┌──

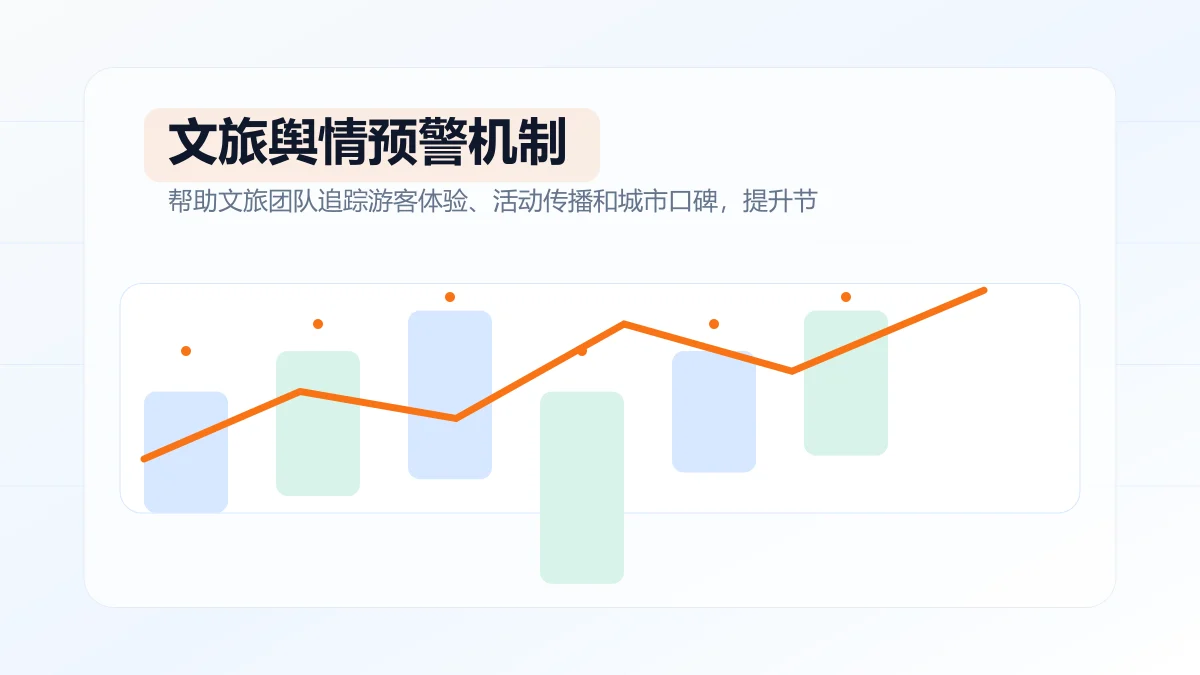 文旅舆情预警机制如何建立?专题方案图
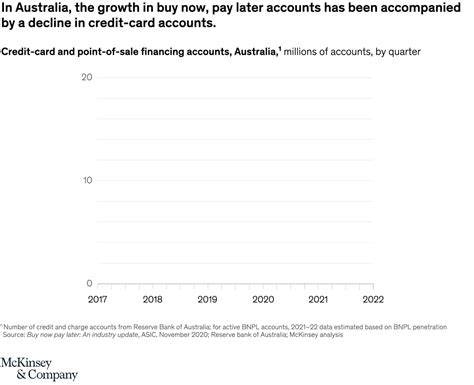 A Different Kind Of Credit Card Decline Mckinsey And Company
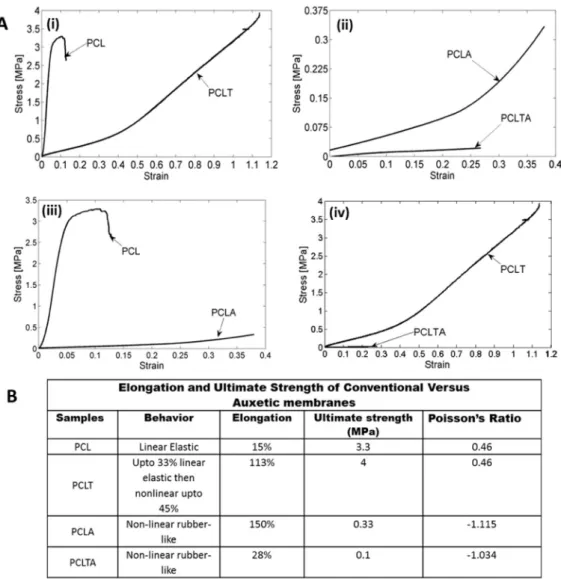 Fig. 4. (A) Stress/strain diagrams for (i) PCL and PCLT (ii) PCLA and PCLTA (iii) PCL and PCLA and (iv) PCLT and PCLTA samples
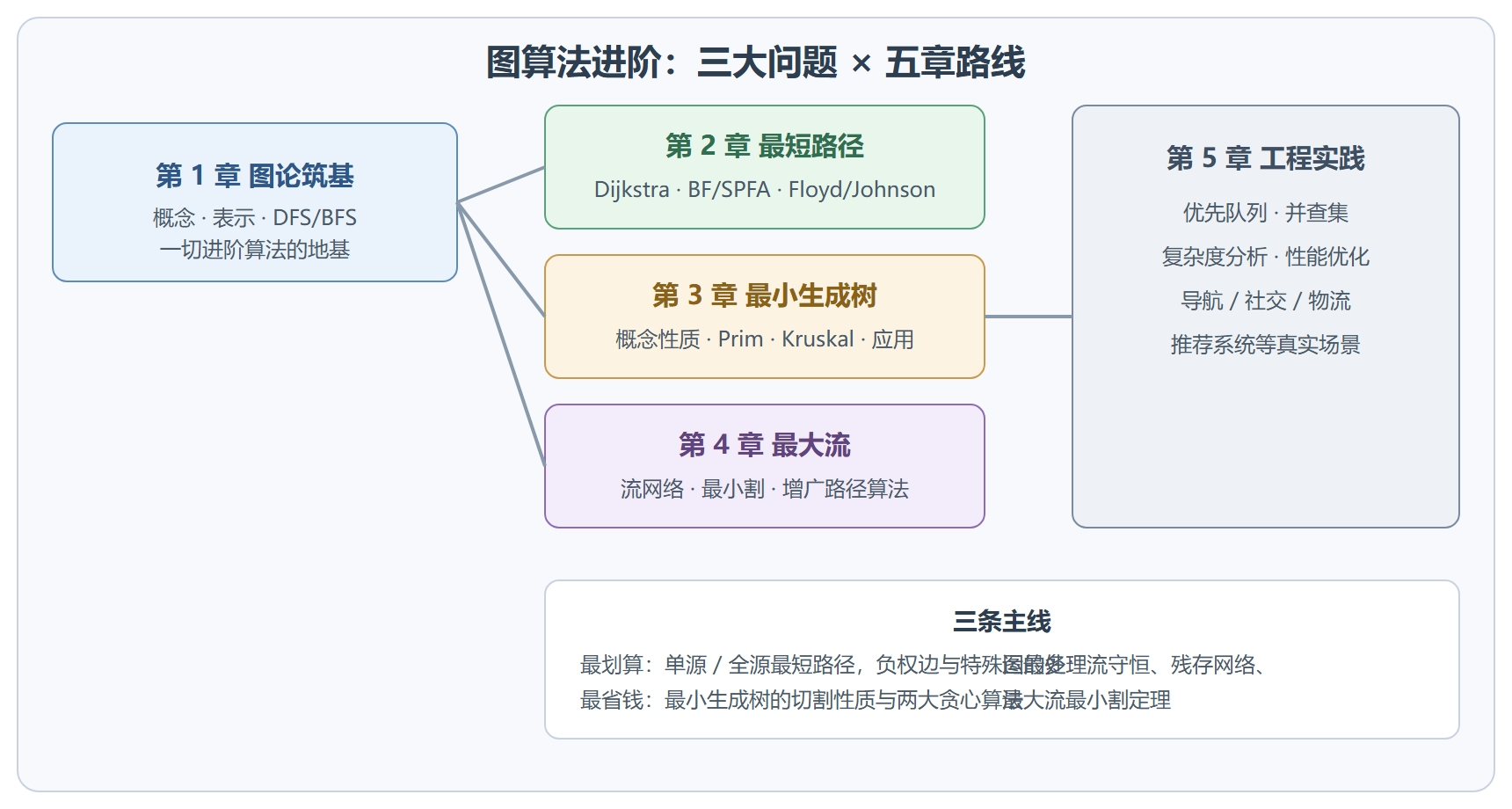 图算法进阶知识地图
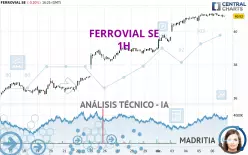 FERROVIAL SE - 1H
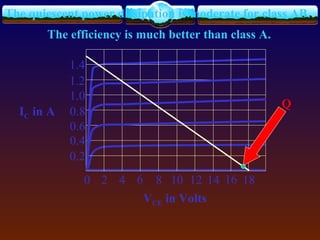 0 2 4 6 8 10 12 14 16 18
0.2
0.4
0.6
0.8
1.0
1.2
1.4
VCE in Volts
IC in A
Q
The quiescent power dissipation is moderate for class AB.
The efficiency is much better than class A.
 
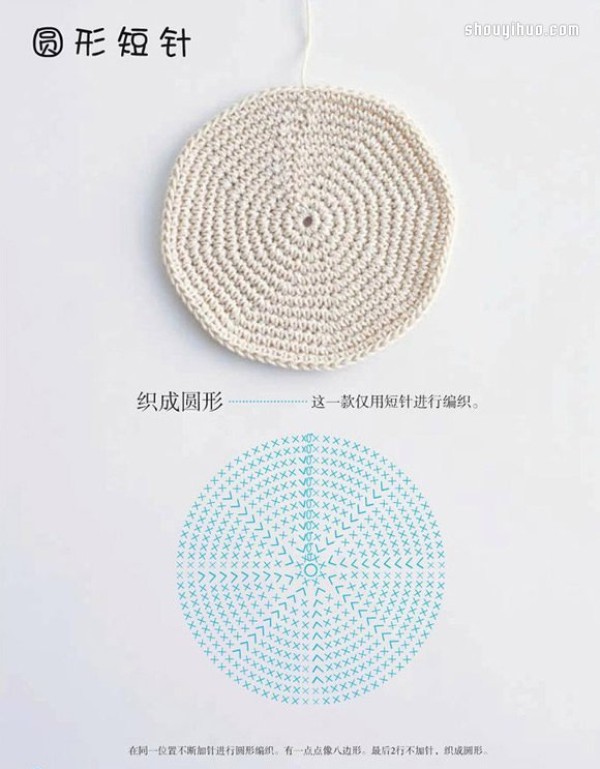 Illustration of how to knit circles and ovals with short and long needles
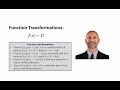 Transformations of Exponential Functions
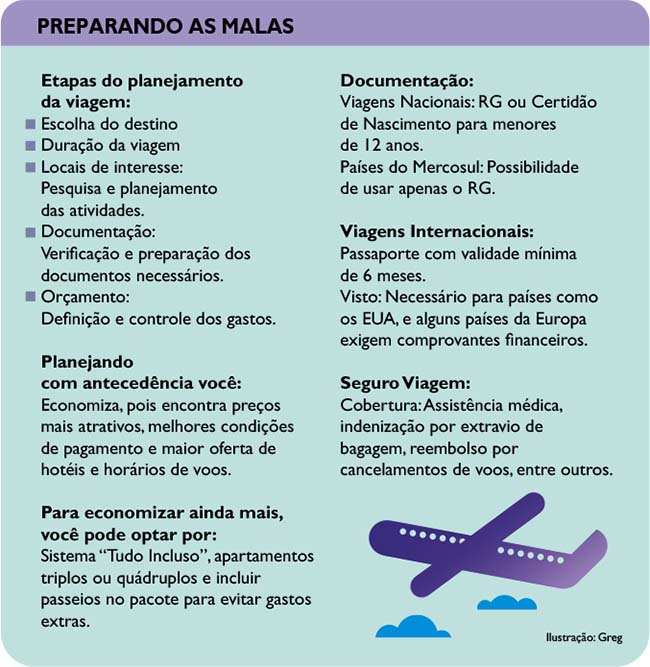 Infográfico CVC Folha Educa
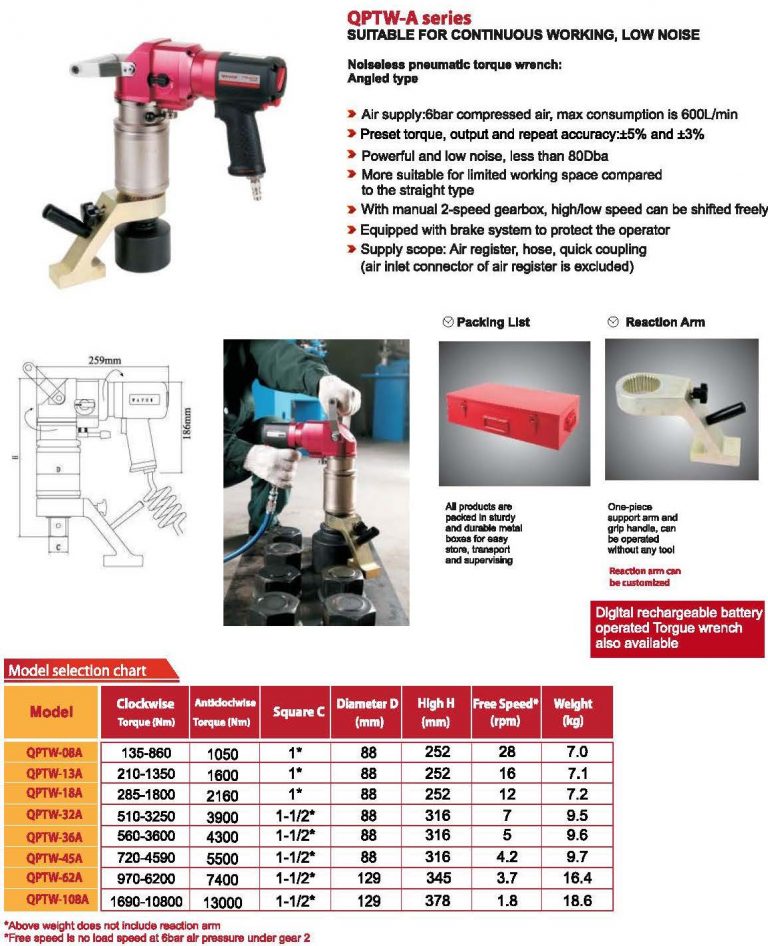 Pneumatic Torque Wrench Nut Runner Wavor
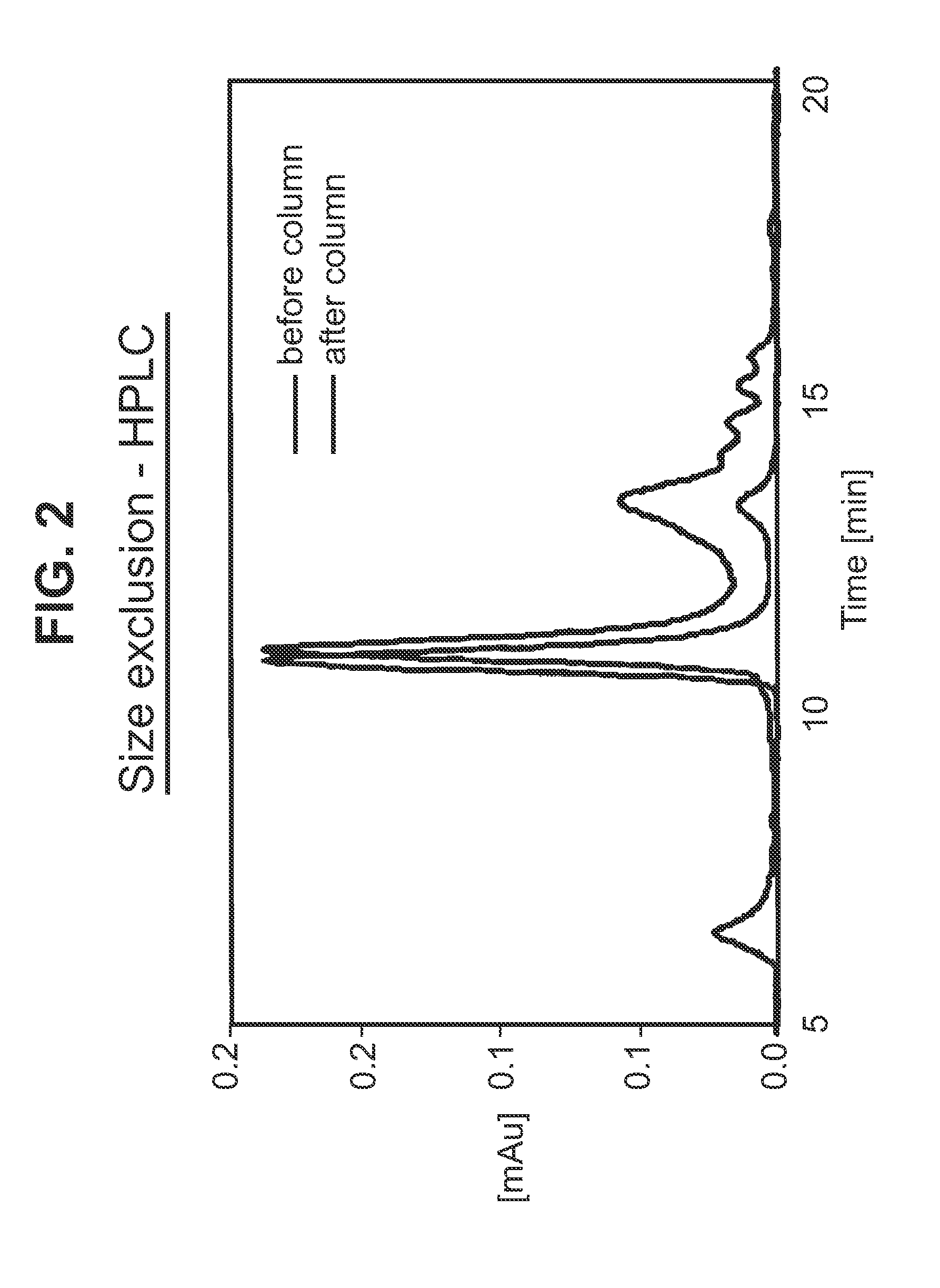 Fermentation media free of animal-derived components for production of diphtheria toxoids suitable for human vaccine use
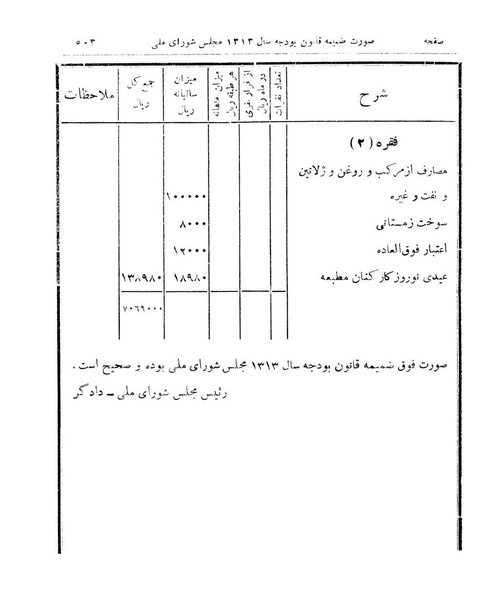 پرونده:Majlis Melli 9.pdf
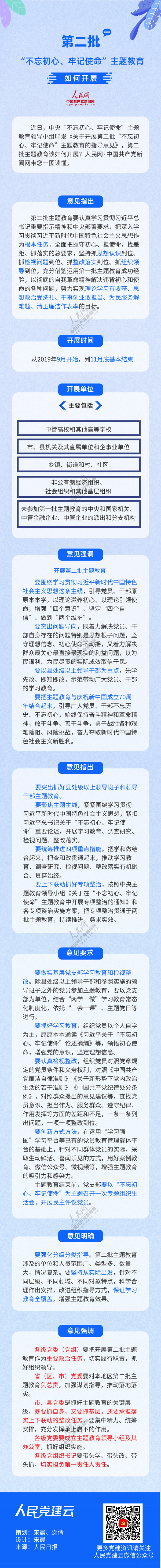 ͼ�⣺�ڶ������������ġ��μ�ʹ�������������ο�չ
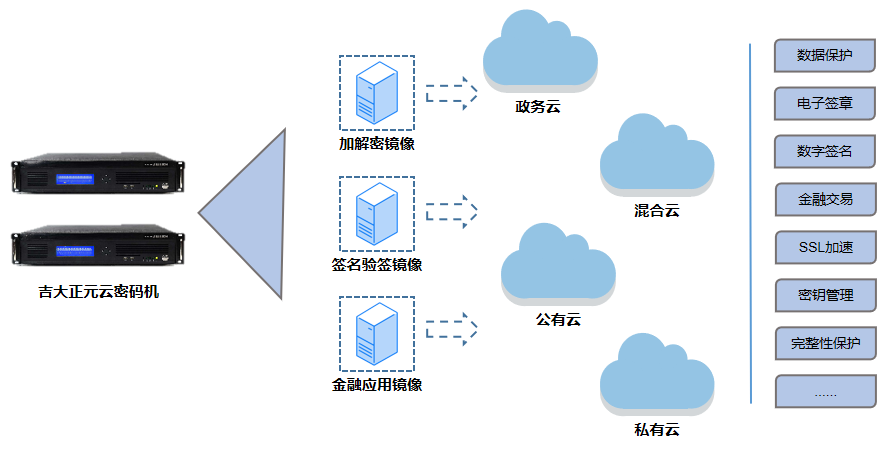 产品利器系列之新葡萄8883平台云密码机—云计算下的密码安全解决方案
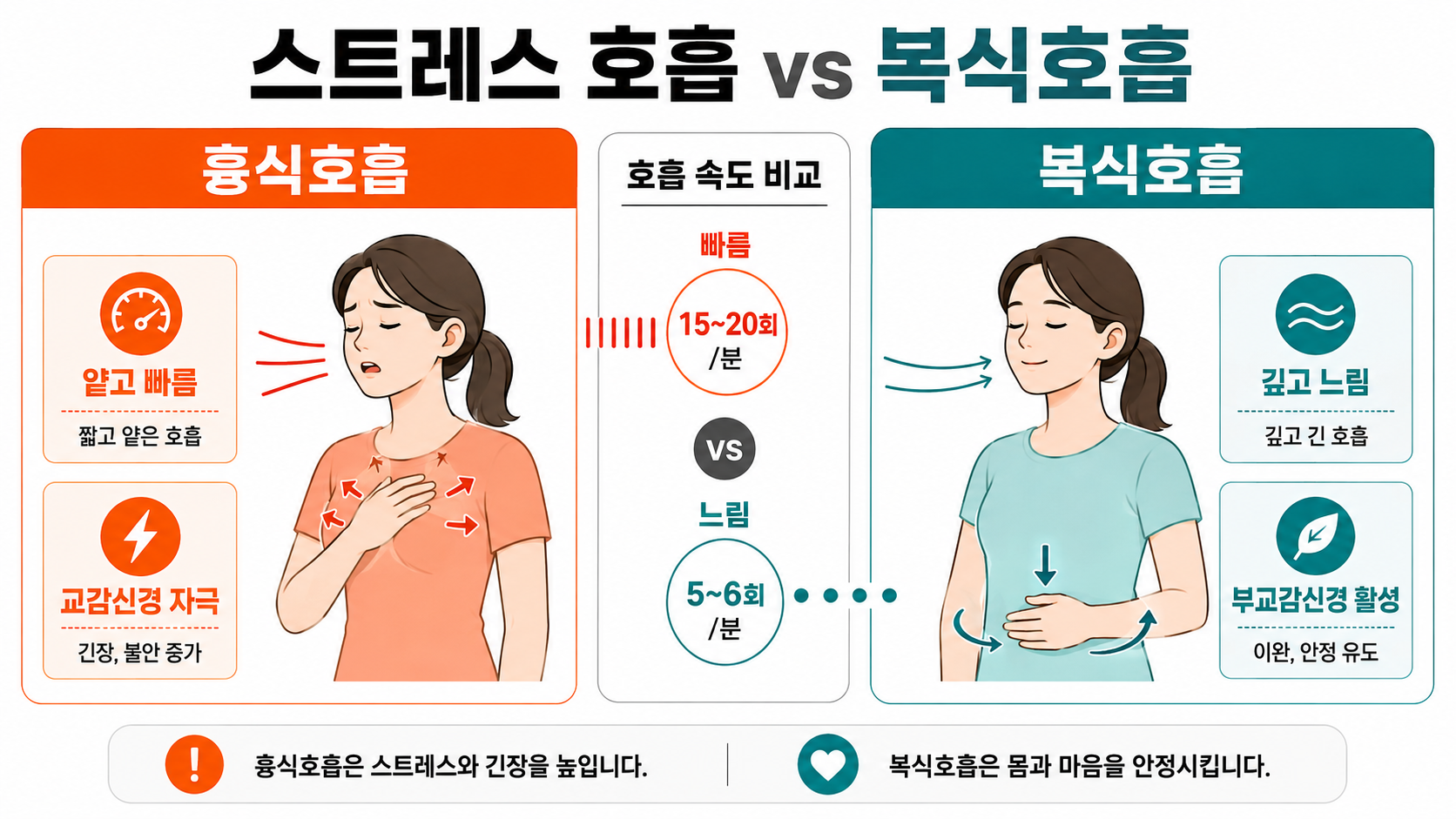 스트레스 자율신경 인포그래픽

└──

» Problem to solve
Only the lines from the line with "The efficiency is much better than class A." to the end of the records should be repeated, exactly and without pictures.

» Written response
The efficiency is much better than class A.
 
 Illustration of how to knit circles and ovals with short and long needles
 Transformations of Exponential Functions
 Infográfico CVC Folha Educa
 Pneumatic Torque Wrench Nut Runner Wavor
 Fermentation media free of animal-derived components for production of diphtheria toxoids suitable for human vaccine use
 پرونده:Majlis Melli 9.pdf
 ͼ�⣺�ڶ������������ġ��μ�ʹ�������������ο�չ
 产品利器系列之新葡萄8883平台云密码机—云计算下的密码安全解决方案
 스트레스 자율신경 인포그래픽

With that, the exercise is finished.